I. The law being an expression of the mind and will of God, we have only to study the character of God more closely to interpret more correctly the spirit and intention of the law. The character of God is known to us by His works, His providences, His revelations of Himself by prophets and saints, to whom He has made Himself known. Now, the confluence of all these streams of knowledge, derived from what He has said and done, issues in the revelation of a God of love. To begin with, the act of creation is a work of Almighty love. So it has been said with reason that if a man should realise his existence as a creature, he would be urged by his own consciousness to live a perfect life of love. But to come nearer than creation, to come to our personal contact with God, what is it that we find?
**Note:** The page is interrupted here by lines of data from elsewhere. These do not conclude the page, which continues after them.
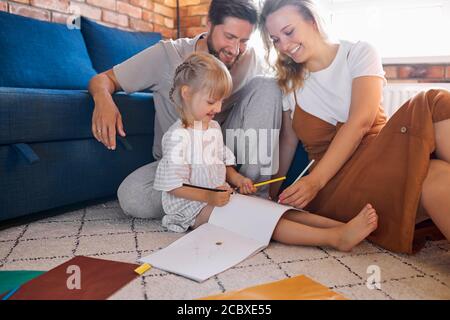 les parents heureux détendus s'assoient avec leur fille sur le sol, la petite fille caucasienne s'assoit à dessiner, avec des papiers à côté d'elle. à la maison Banque D'Images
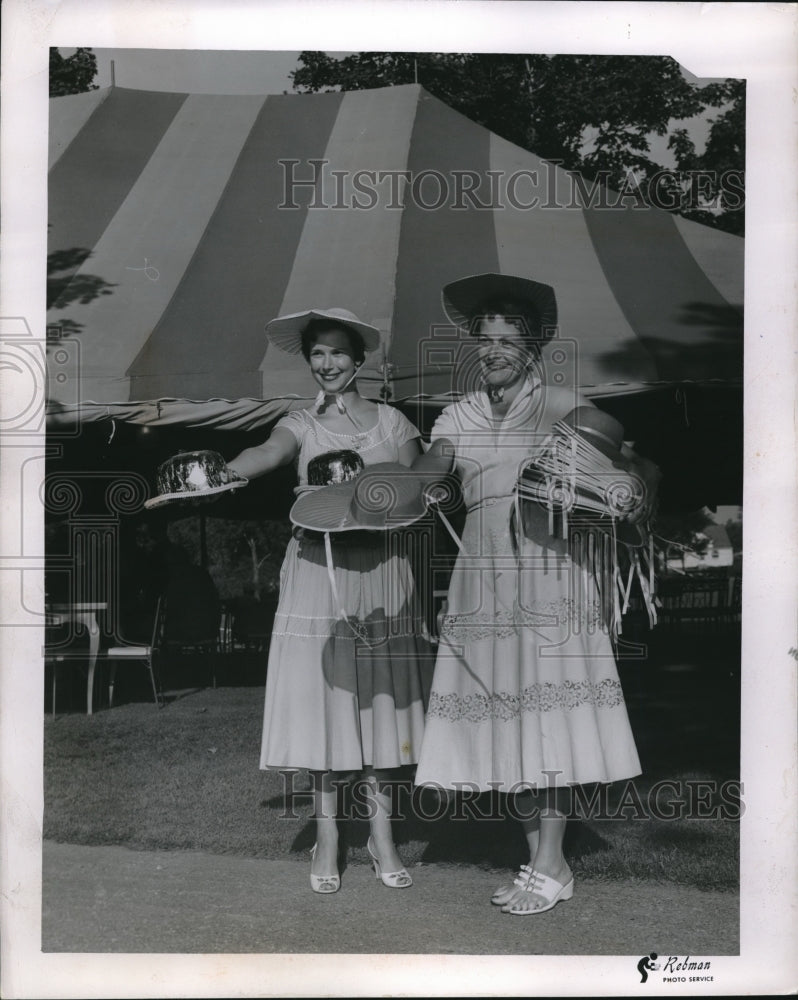 1955 Press Photo Women Distributing Hats-Historic Images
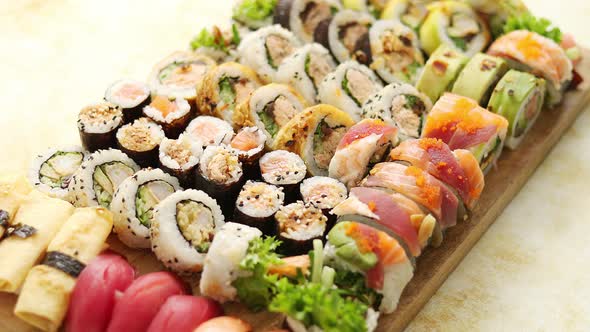 Above View of Various Sushi and Rolls Placed on Wooden Board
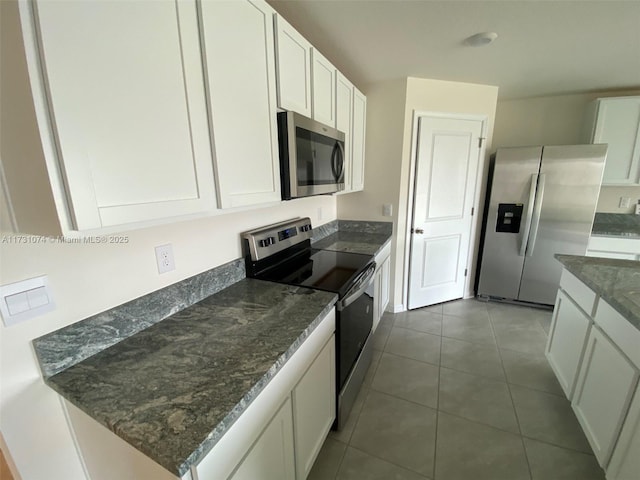 kitchen featuring stainless steel appliances, dark tile patterned floors, dark stone counters, and white cabinets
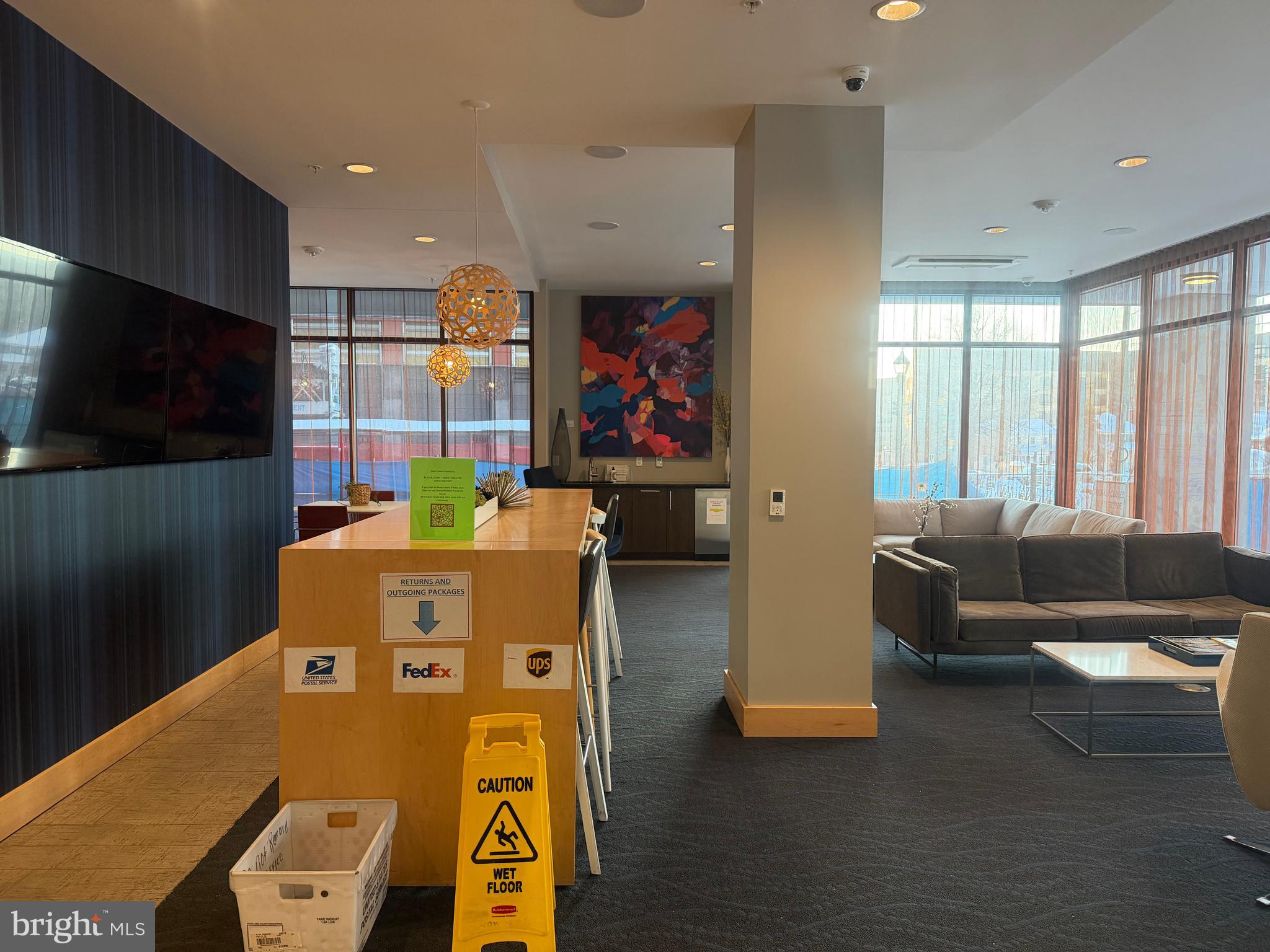 1320 Fenwick Lane, Unit 700 Silver Spring, MD 20910 - Photo 7 of 25 a living room with furniture and a flat screen tv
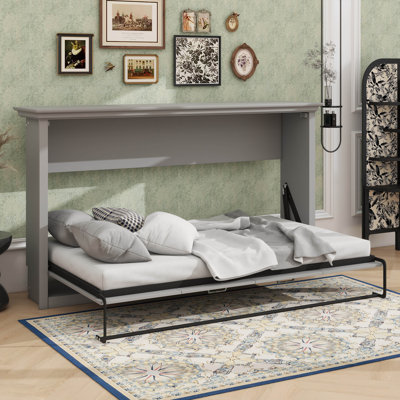 Lit mural simple qui s'effondre dans une armoire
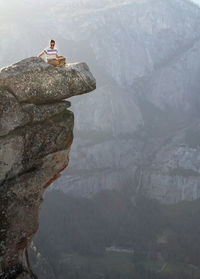 Man sitting on rock against mountain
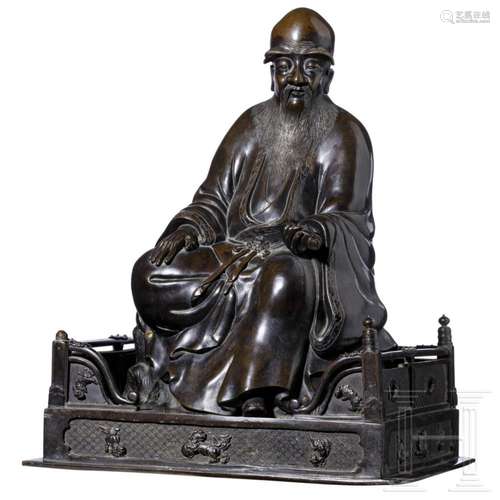 A Chinese bronze statue of seated Shou Xing, 19th century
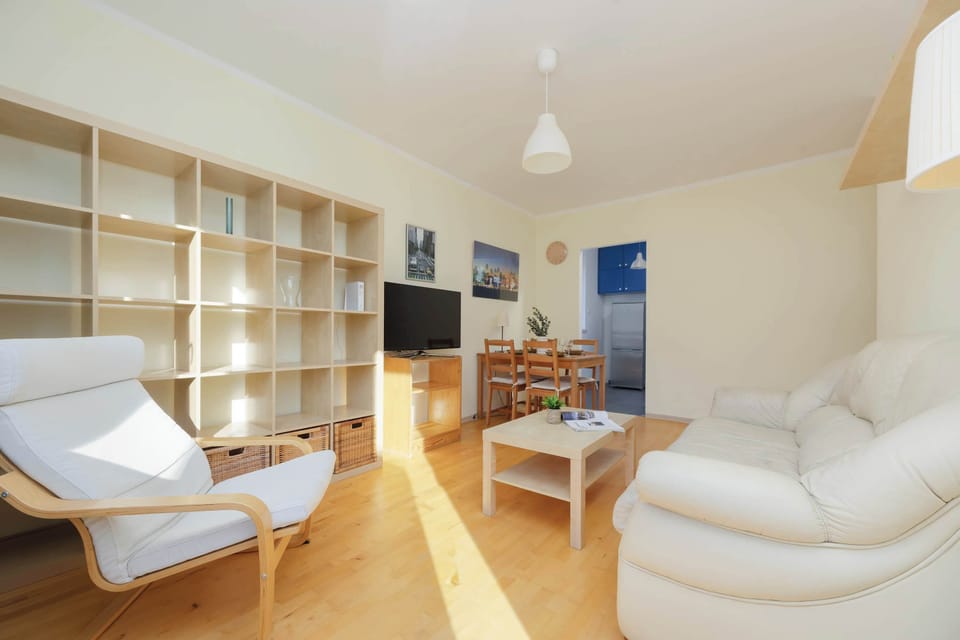 Cozy & bright living room with a sofa bed, TV, dining area and exit to balcony.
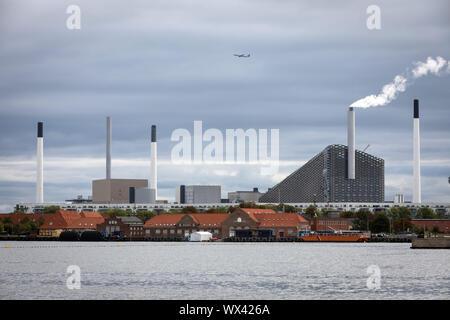 Ein Flugzeug fliegt über den Amager bakke Kombiniert tnv Anlage und Skipiste in Kopenhagen, Dänemark, mit dem Hafen im Vordergrund. Stockfoto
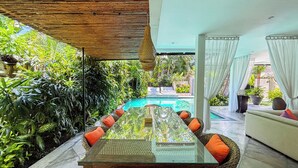 Una mesa de comedor con cubierta de vidrio, sillas de mimbre y cojines anaranjados, rodeada de abundante follaje y vistas a una piscina.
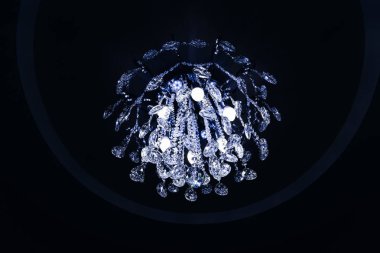 Koyu tavanda ampulleri olan güzel kristal bir avize.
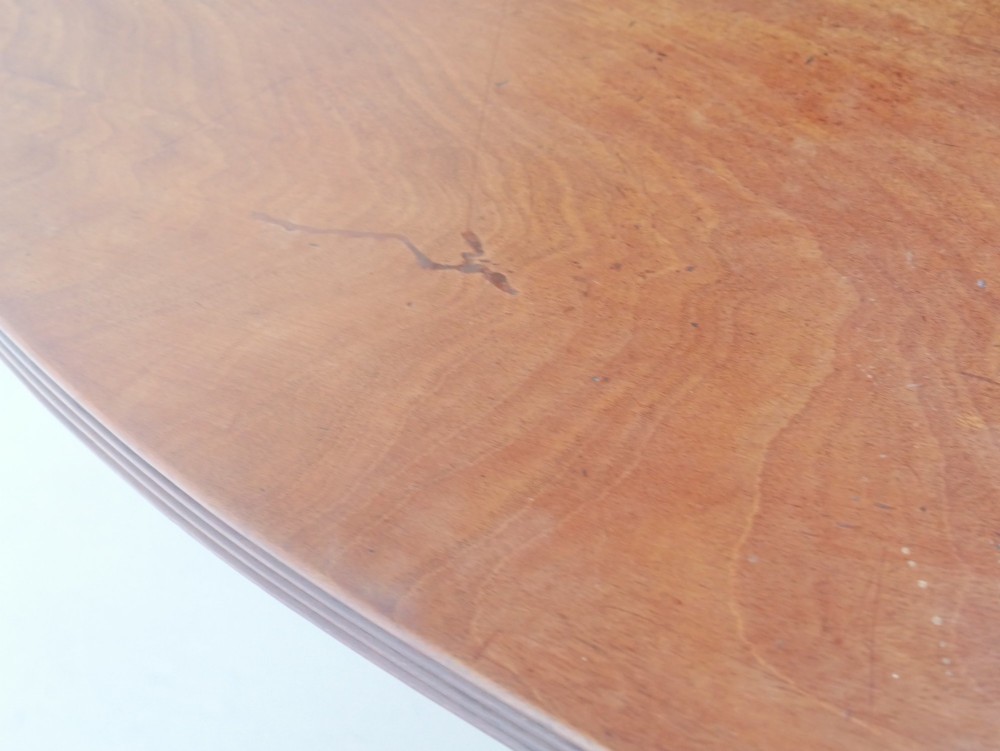 An antique Regency oval mahogany tilt-top table shown upright on a splayed pedestal base with brass castors. View VI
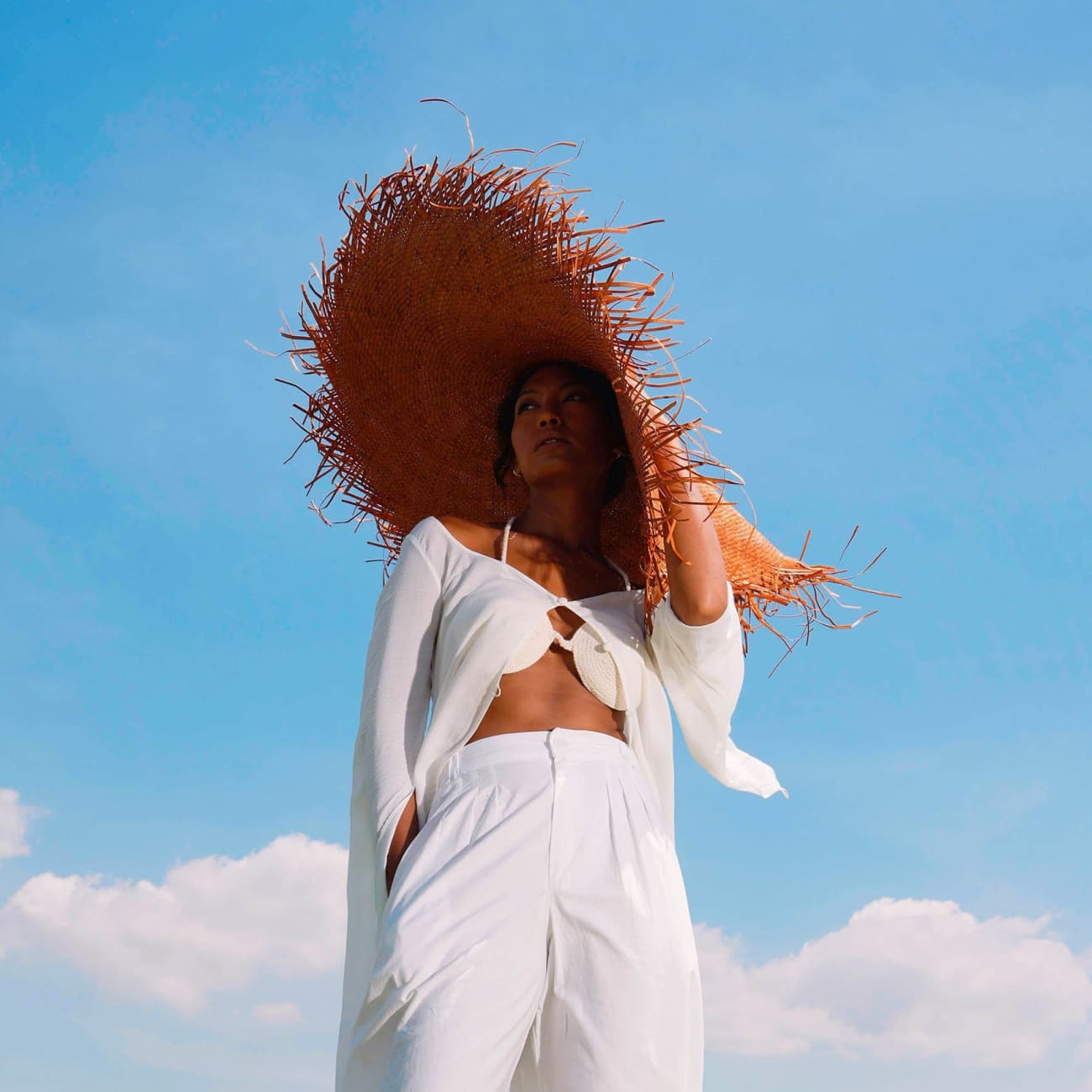 AMORA Oversized Frayed Straw Hat In Burnt Caramel Sun Hats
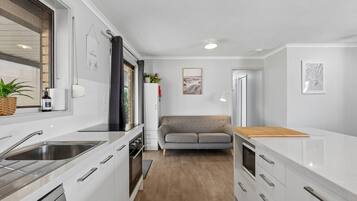 A compact kitchen with a built-in oven, a sink, and a wooden countertop.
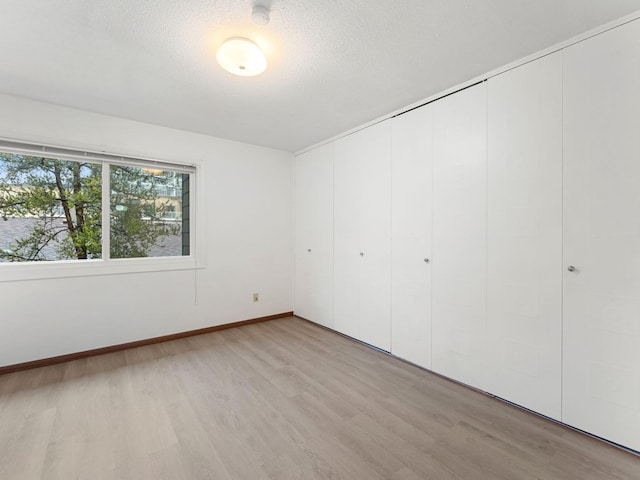 26 Arthur Ave SE Unit 304, Minneapolis, MN 55414 - unfurnished bedroom featuring light wood-type flooring, baseboards, a closet, and a textured ceiling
The life we now enjoy rises in an ascending scale from peace and friendship and fellowship in work with God, to hope and promises beyond, from a seedtime of manifold experiences here to a harvest of immortality hereafter.

II. Consider some of the features of love. (1) In its aspect towards God, love has this note of encouragement, namely, that every movement of your love towards Him, though it be shortlived, intermittent and frail under temptation, is yet a witness to a certain congeniality and conformity of your nature to the nature of God. (2) Again, love is a motive which leads to imitation; you desire to grow like the one you love. (3) It is love that gives unity of design to the whole mechanism of the Catholic Church its creeds, its sacraments, its ritual, its seasons, its festivals, its fasts, its penitences, and its joys. Just as the master-mind and the genius of one architect give order and harmony to the almost infinite details and creations of a Gothic church, so does love give system and symphony to the infinite varieties of the Christian life.

C. W. Furse, Christian World Pulpit,vol. xxv., p. 129.

Reference: Romans 13:10. Clergyman's Magazine,vol. i., p. 28.

Romans 13:10

10 Love worketh no ill to his neighbour: therefore love is the fulfilling of the law.